Provided information:

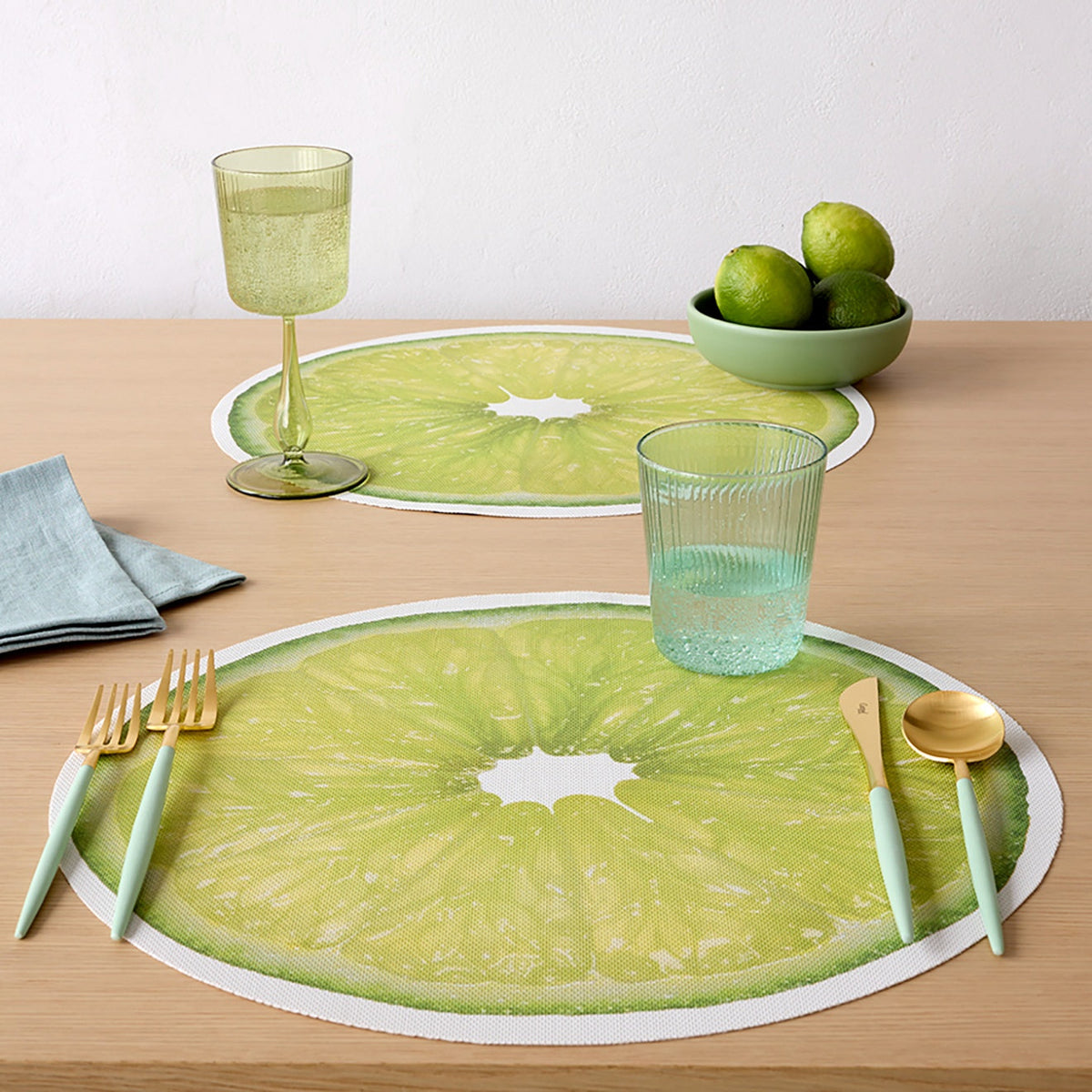 Citrus Placemats - Lime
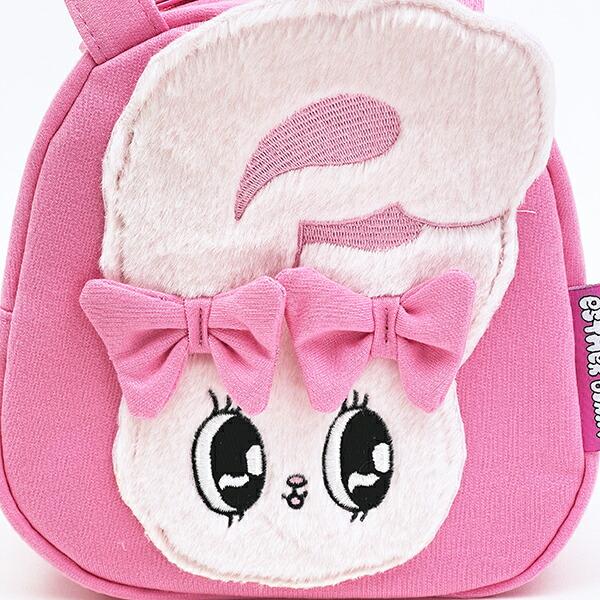 エスターバニー (Esther Bunny) スエット素材ダイカットバッグ 商品画像2：キャラグッズPERFECT WORLD TOKYO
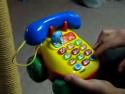 Sprostý dětský telefon
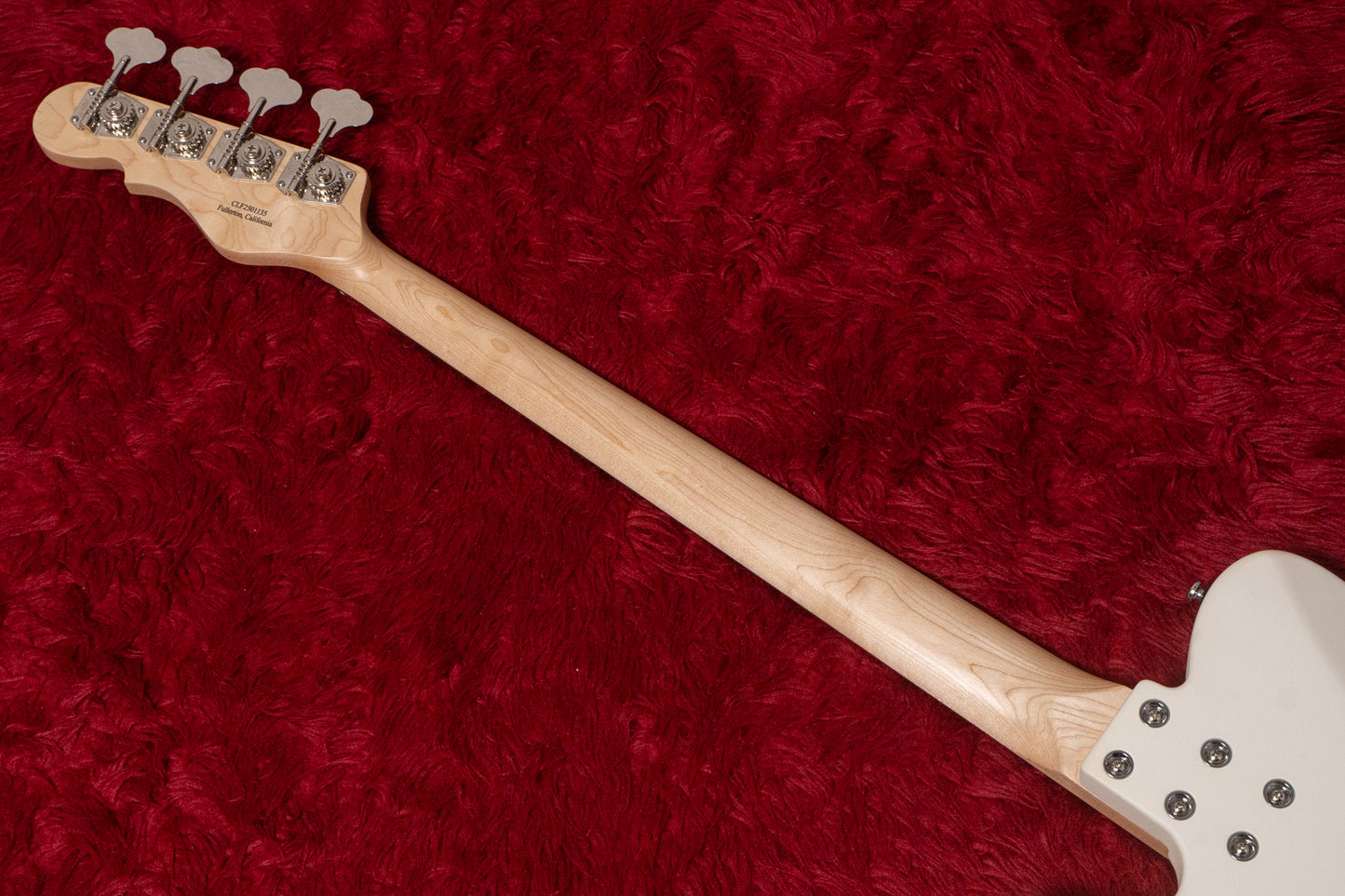 【outlet】G&L / Fullerton Deluxe ASAT Bass ALWF-RW 4.210kg #CLF2501135【GIB Yokohama】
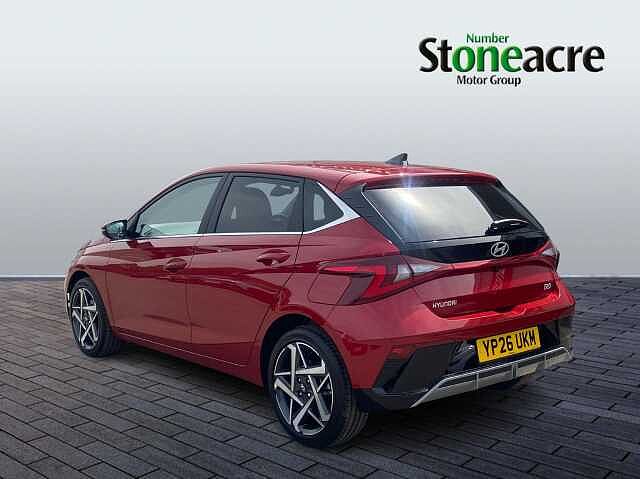 Hyundai i20 1.0 T-GDi Tech Line Euro 6 (s/s) 5dr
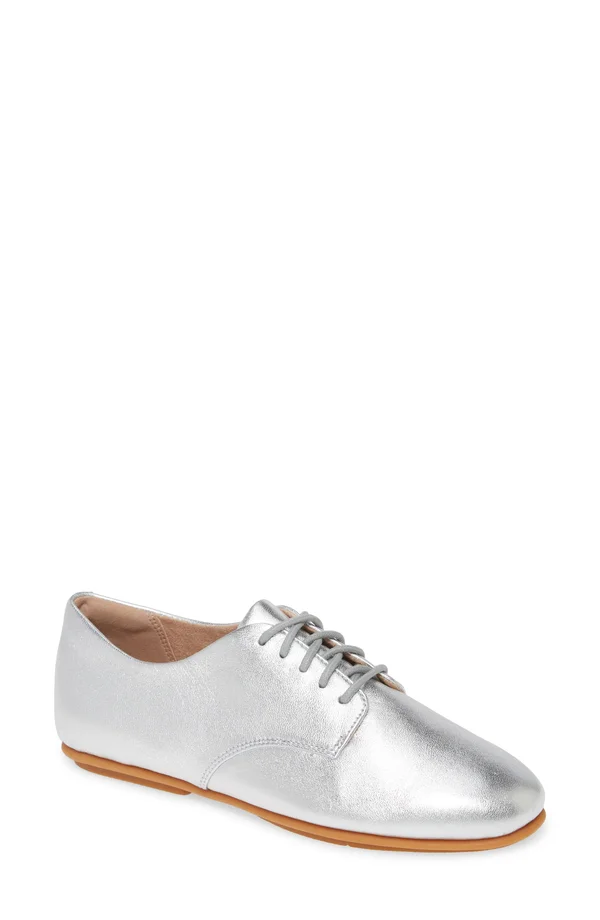 Fitflop Womens Shoe - Women's, Size: 8, Silver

Exercise: The lines wanted are those from the one with "Sprostý dětský telefon" to the end of the entries above, repeated exactly, both ends included. Leave out the pictures.

Your response:
 Sprostý dětský telefon
 【outlet】G&L / Fullerton Deluxe ASAT Bass ALWF-RW 4.210kg #CLF2501135【GIB Yokohama】
 Hyundai i20 1.0 T-GDi Tech Line Euro 6 (s/s) 5dr
 Fitflop Womens Shoe - Women's, Size: 8, Silver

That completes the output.